/local-data-stack

Simple data analytics and machine learning stack that runs on your local machine

Primary LanguagePythonMIT LicenseMIT

Local Data Stack

This is an simple data analytics or machine learning stack that runs on your local machine.

The docker-compose is consisted of:

  1. Airflow
  2. Superset
  3. Postgres

The dags directory has some nice examples to show you how you can use this repo to bootstrap data analytics or machine learning projects quickly on your local machine.

Quick Start

Reminders: You'll need docker and docker-compose.

Simply clone the repo, cd into repo directory and run docker-compose up -d

git clone git@github.com:l1990790120/local-data-stack.git
cd local-data-stack
docker-compose up -d

Suppose things are working as expected, you should see

Note: For superset, you will have to initialize database for the first time, details here.

docker exec -it local-data-stack_superset_1 superset-init

Technical Details

The Postgres is used as backend for both Airflow (under user airflow) and Superset (under user superset). Data are loaded into database analytics (under user postgres).

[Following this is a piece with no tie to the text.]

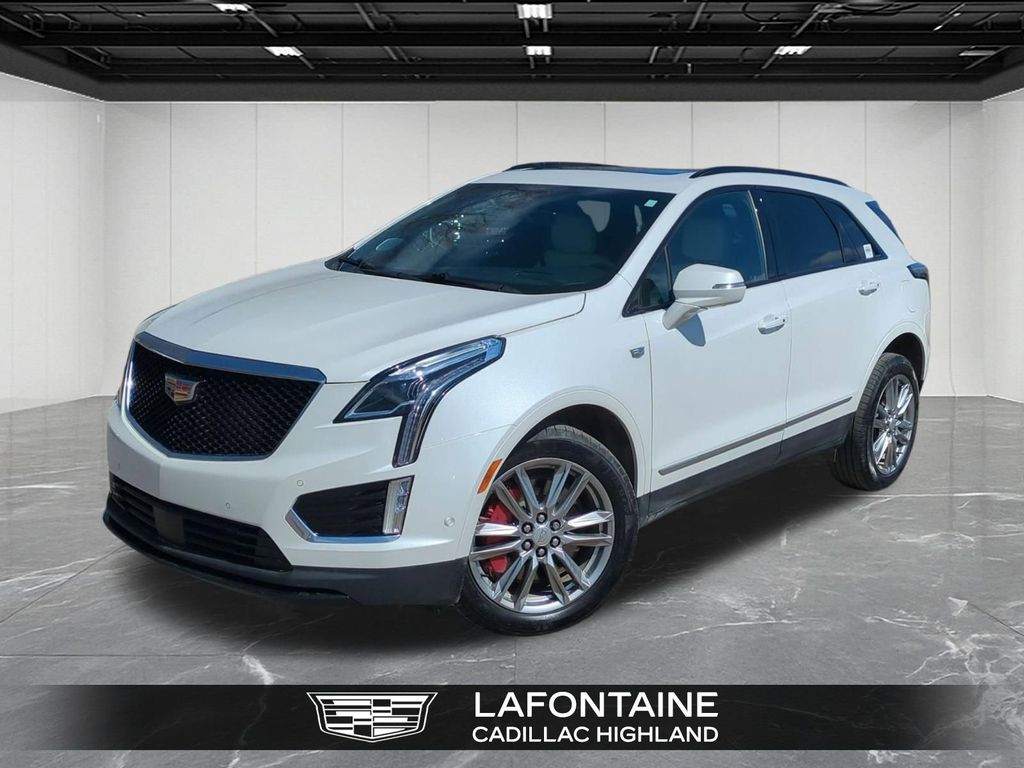 2023 Cadillac XT5 Sport AWD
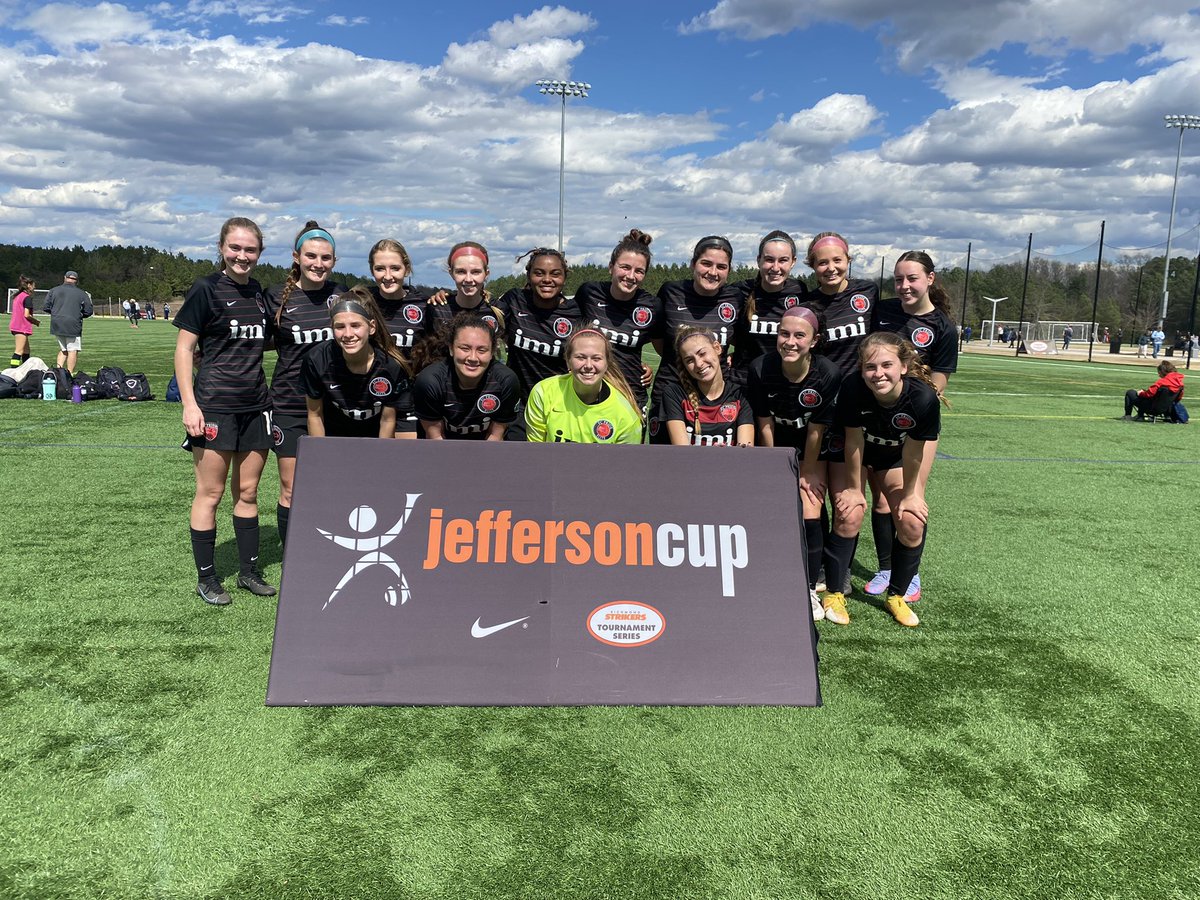 FCPride04G_Comp's tweet photo. Solid 1-0 win over Surf. Great composure and goal on set piece by Sammie K.  Shutout by Alyssa Collins and defense. Positive weekend 2-1  @jeffersoncup showcase. @FCPGirlsEcnl @FCPRIDESOCCER @_CoachHerron https://t.co/exDEWq9gPK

In Superset, you can add database with sql connection string: postgresql://postgres@postgres:5432/analytics.

Or, if you just want to run some sql queries, exec into the docker container

docker exec -it local-data-stack_postgres_1 bash

Within Postgres container, run

psql -U postgres -d analytics

And you'll see all the data you've loaded with Airflow.

Example Dags

I have put some interesting data pipeline dags directory. I'll continue to add more as I come across. Feel free to contribute as well.